これに対し、孫堅は yes とも no とも答えずにやり過ごしつつ、「実は息子の孫権にも同じことを忠告された」と打ち明けます。曹操さん、幼い孫権の洞察に感銘を受けながらも、将来彼が強敵となることを予感します。なお、曹操と孫権の不安は的中。この直後、孫堅は玉璽を狙う袁術の罠にかかって命を落とします。

話を戻します。既に述べた通り、ドラマでは呉に関しても詳しく描かれているのですが、魏と蜀の物語が戦いを中心に描かれているのに対し、呉の物語は戦闘場面の欠如を補うためか、人間ドラマの比重がかなり大きく、正直(個人的には)どうでもいいようなエピソードが多かったりします。一例を挙げると、孫権の兄である孫策が軍師の周瑜と乗馬を楽しみながら竹林を散策中、美しい琴の音色に誘われ、「二喬」(にきょう:絶世の美女姉妹とされる)と出会って彼女らを見初め、それぞれ姉と妹を嫁に迎える、といったエピソードが長々と語られます。それに加え、呉の人物は皆性格が真面目で破天荒な人物も少ないため、全体的な空気が息苦しく、面白い会話や気の利いたセリフがありません。

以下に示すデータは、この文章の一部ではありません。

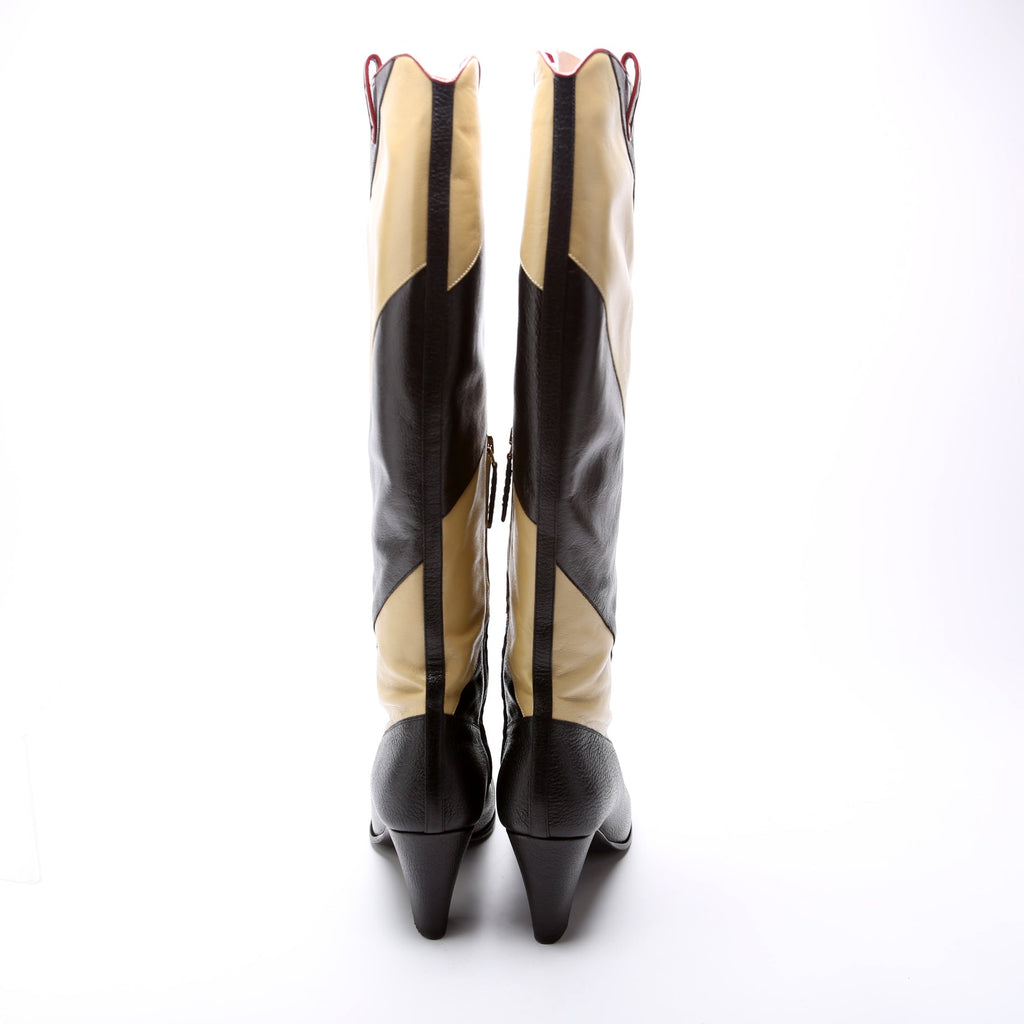 Gucci GG Knee High Boots Size 39.5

そんな訳で呉に関わるエピソードは本来の趣旨である「英語の勉強」の役には立ちません。主な軍師だけをサッと紹介して次に進みたいと思います。

② 孫権軍

活躍時期の時系列順に「周瑜」「魯粛」「呂蒙」「陸遜」の4人になります。いずれも三国志ファンなら知らない人はいないでしょう。なお、呉では軍の最高司令官は「大都督」という肩書で呼ばれています。この呼称は私の知る限りでは魏や蜀では用いられていません。呉独自の役職なのでしょうか?

周瑜(しゅうゆ)


言わずもがな、呂布や関羽とすら比肩する三国志の英雄中の英雄です。軍師というよりは将軍に近く、実際「周瑜将軍」や「大都督殿」と呼ばれることが多いです。赤壁の戦いでは呉を大勝利に導くなど、孫権の初期の国造りを献身的に支えます。史実では孫策と仲が良かったらしく、ドラマでも2人の友情が掘り下げられています。演義を原作とした創作物では激しい気性の持ち主として描かれることが多いようです。また、将来呉に禍をもたらすとして事ある毎に孔明の殺害を企てながら、毎回まんまと出し抜かれるという少々間抜けな姿が印象的に描かれ、孔明の引き立て役にされてしまっています。

魯粛(ろしゅく)


曹操さんが袁紹を破って中原を支配した後、次に狙ったのが孫権の江東です。これが後の「赤壁の戦い」に繋がるわけですが、危機感を覚えた孫権は曹操軍と何度も戦ったことのある玄徳から曹操軍の情報を得るため、1人の特使を派遣します。それが魯粛でした。周瑜の親友または戦友として描かれるほか、孔明とも親交を深めるため、度々両者の板挟みになってしまいます。気性の激しい周瑜とは対照的に冷静で穏やかな人物としても描かれていますが、むしろそれが彼を手強い交渉相手にしており、蜀との領土問題の話し合い(※)の席では孔明さえも手こずらせます。その一方、「蜀と手を結び、魏と対抗するのが呉にとっての最善策」という強い信念の持ち主であり、蜀との同盟関係の維持に死ぬまで腐心します。ドラマでは重病の身でありながら関羽と一対一の領土交渉にあたり、彼をして「真の英雄」(関羽は呉を完全に侮っており、孫権の娘を「犬の子」呼ばわりさえしていた)と言わしめます。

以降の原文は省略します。